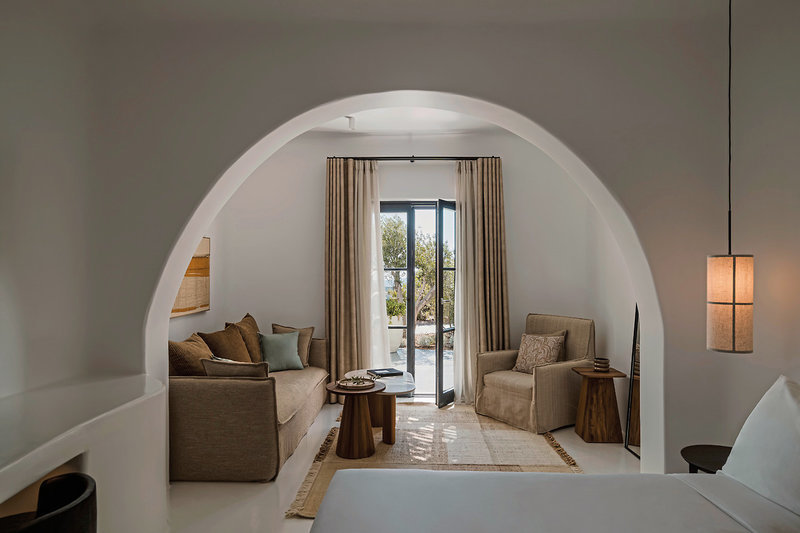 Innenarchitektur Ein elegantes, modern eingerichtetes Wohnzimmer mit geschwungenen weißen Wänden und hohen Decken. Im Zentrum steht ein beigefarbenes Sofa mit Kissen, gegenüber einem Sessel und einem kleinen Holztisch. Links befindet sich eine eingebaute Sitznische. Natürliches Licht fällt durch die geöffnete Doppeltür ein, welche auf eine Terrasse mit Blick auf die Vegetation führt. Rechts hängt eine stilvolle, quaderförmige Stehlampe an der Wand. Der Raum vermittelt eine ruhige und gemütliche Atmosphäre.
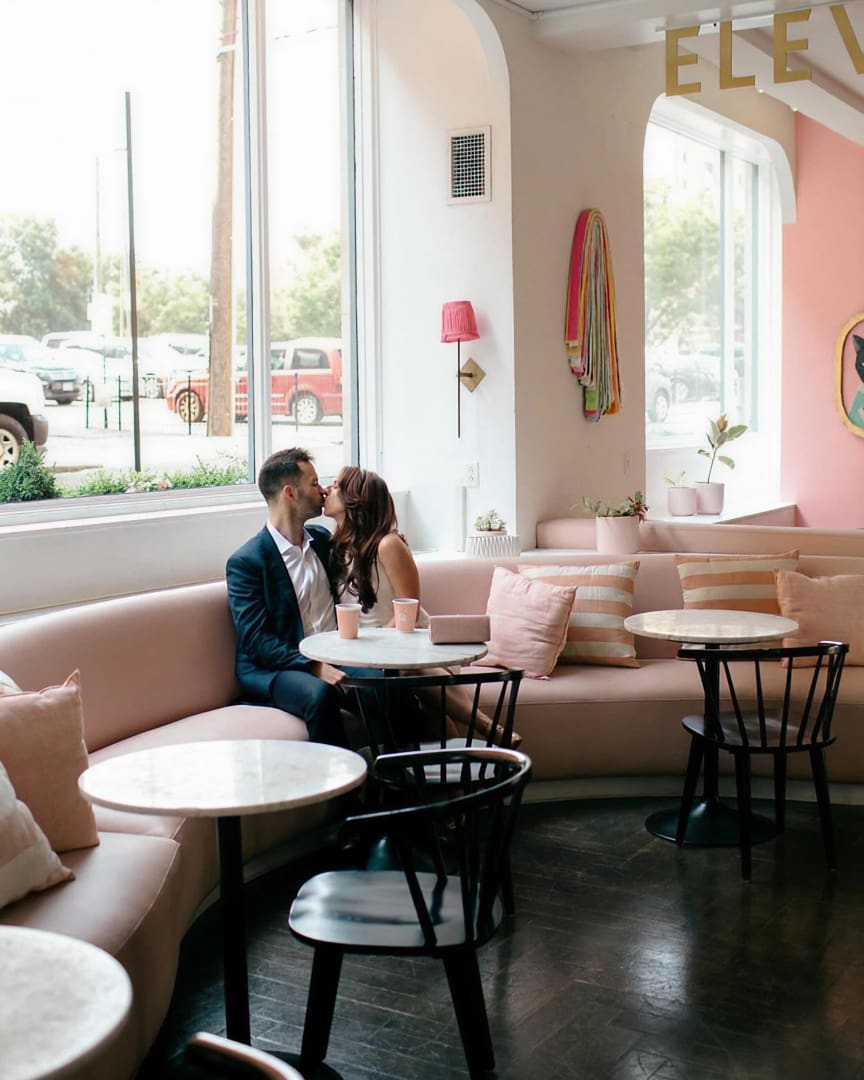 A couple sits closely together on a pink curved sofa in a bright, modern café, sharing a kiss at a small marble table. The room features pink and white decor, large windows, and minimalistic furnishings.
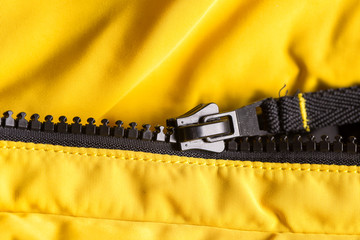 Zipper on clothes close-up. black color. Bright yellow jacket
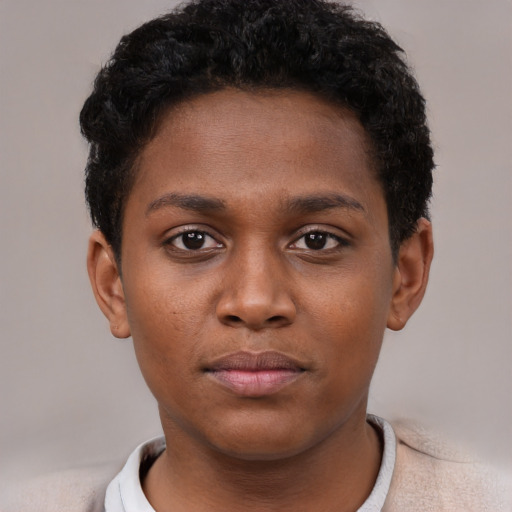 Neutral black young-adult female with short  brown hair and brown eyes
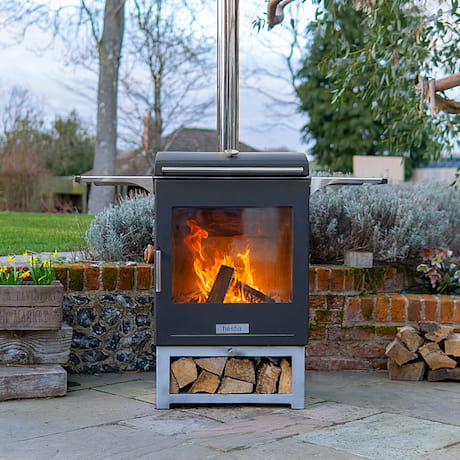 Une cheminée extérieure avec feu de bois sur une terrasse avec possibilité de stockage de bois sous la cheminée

####################

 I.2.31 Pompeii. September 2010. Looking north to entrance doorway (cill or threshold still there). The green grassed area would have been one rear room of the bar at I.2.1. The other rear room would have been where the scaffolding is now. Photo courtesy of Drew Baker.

####################

TASK GOAL: Although pictures appear among the records above, none are to be output; print exactly the lines from the line containing "Innenarchitektur Ein elegantes, modern" through the line containing "Une cheminée extérieure".

RESULT:
 Innenarchitektur Ein elegantes, modern eingerichtetes Wohnzimmer mit geschwungenen weißen Wänden und hohen Decken. Im Zentrum steht ein beigefarbenes Sofa mit Kissen, gegenüber einem Sessel und einem kleinen Holztisch. Links befindet sich eine eingebaute Sitznische. Natürliches Licht fällt durch die geöffnete Doppeltür ein, welche auf eine Terrasse mit Blick auf die Vegetation führt. Rechts hängt eine stilvolle, quaderförmige Stehlampe an der Wand. Der Raum vermittelt eine ruhige und gemütliche Atmosphäre.
 A couple sits closely together on a pink curved sofa in a bright, modern café, sharing a kiss at a small marble table. The room features pink and white decor, large windows, and minimalistic furnishings.
 Zipper on clothes close-up. black color. Bright yellow jacket
 Neutral black young-adult female with short  brown hair and brown eyes
 Une cheminée extérieure avec feu de bois sur une terrasse avec possibilité de stockage de bois sous la cheminée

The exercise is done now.